Se il giudice del tribunale di Caltagirone aveva scritto, nelle motivazioni della sentenza di primo grado, che il ragazzo fosse partito da Caltagirone con l’intento di uccidere la sua ex fidanzata, «questo è certamente falso». Alla base di questa affermazione, gli orari indicati dai verbali dei carabinieri: «Alle 9.22 la signora Miano si trova al comando delle forze dell’ordine per denunciare gli interventi illeciti sulla sua auto, quindi Loris l’ha vista uscire. Perché non è entrato subito? Perché il suo ingresso in casa Noce è avvenuto solo alle 9.58, dopo una telefonata con Stefania? Cosa aspettava?». E, inoltre, «se si fosse trattato di un agguato, il luogo del delitto sarebbe il piano superiore, invece è l’ingresso». Tra gli oggetti di Loris è stata ritrovata una copia delle chiavi di casa di Stefania, che secondo l’accusa il giovane avrebbe usato per introdursi in casa la mattina del 27 dicembre: «Quelle chiavi sono state ritrovate all’interno di un marsupio marrone, sul sedile posteriore della Ford Ka di Gagliano. Né sulle chiavi né sul marsupio sono state rinvenute tracce di sangue – spiega Rabbito – L’arma insanguinata, invece, si trovava sul sedile anteriore destro. Risulta evidente che quelle chiavi siano state lasciate nella Ka, e che Loris sia stato fatto entrare in casa da Stefania».

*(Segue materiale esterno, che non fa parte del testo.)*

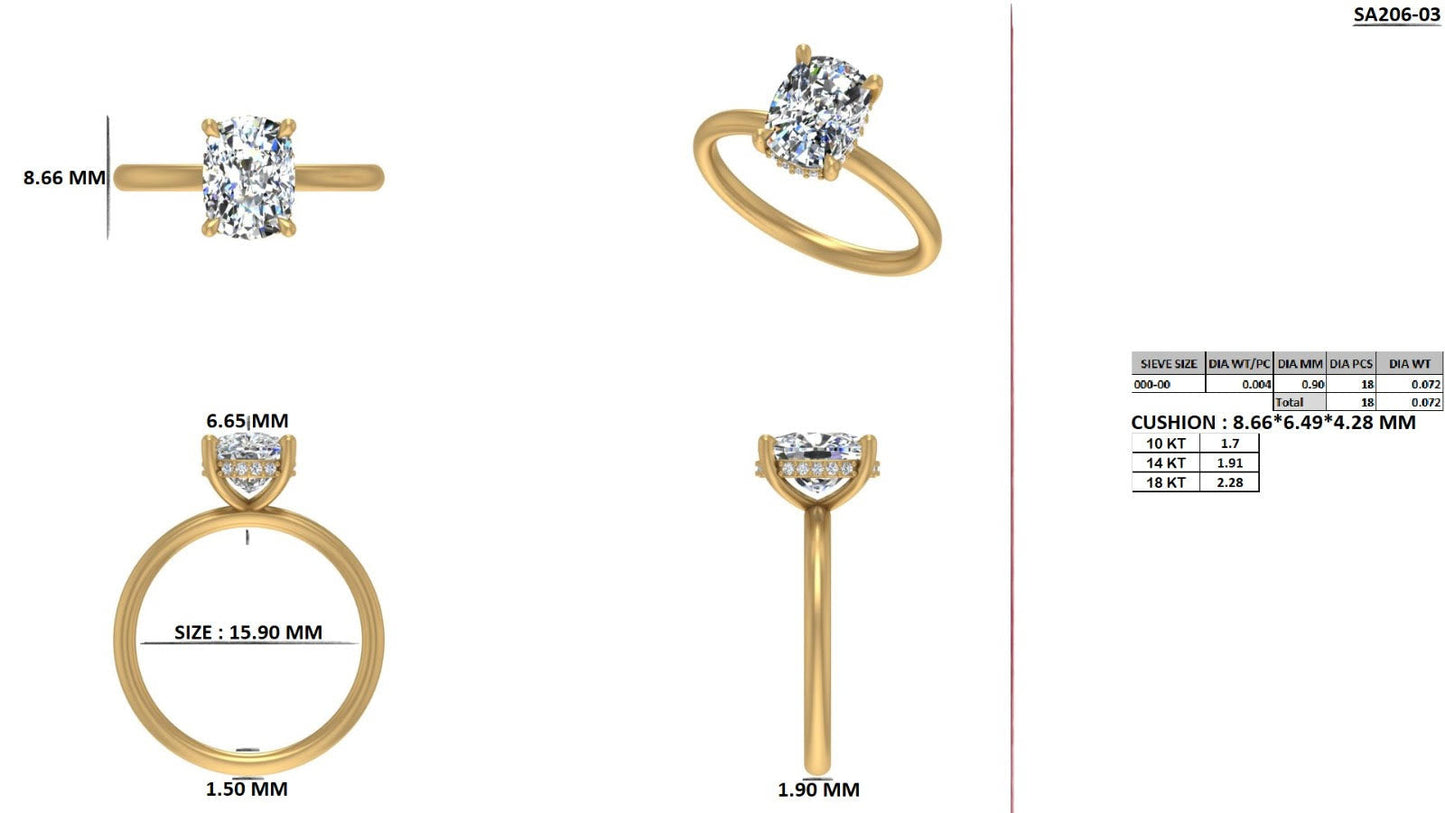 CUSTOM Hidden halo and Elongated Cushion Ring in Yellow Gold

«Quando Stefania gli conferma la sua intenzione di denunciarlo per stalking, avviene lo scivolamento psicotico del quale il nostro perito parla: Loris, convinto di essere un ragazzo dotato e intelligente, si trova davanti un altro se stesso, un perdente. A quel punto non capisce più nulla e agisce in maniera disordinata». Colpendo mortalmente Stefania e il nonno che provava a difenderla, e tentando di uccidere anche la nonna, Gaetana Ballirò, unica superstite di quella mattina. «In lui parte un programma automatico che non si può arrestare, lui uccide non perché vuole farlo ma perché deve». Il presunto «disturbo grave della personalità» di cui soffrirebbe Gagliano renderebbe, quindi, inammissibile la sua duplice richiesta di rinuncia al processo d’Appello: «Il suo obiettivo è solo uno: non essere considerato matto. Pur di ottenerlo, è disposto a farsi non uno ma quattro ergastoli. Come può essere considerato capace di stare in giudizio un soggetto che parte da premesse così deliranti?».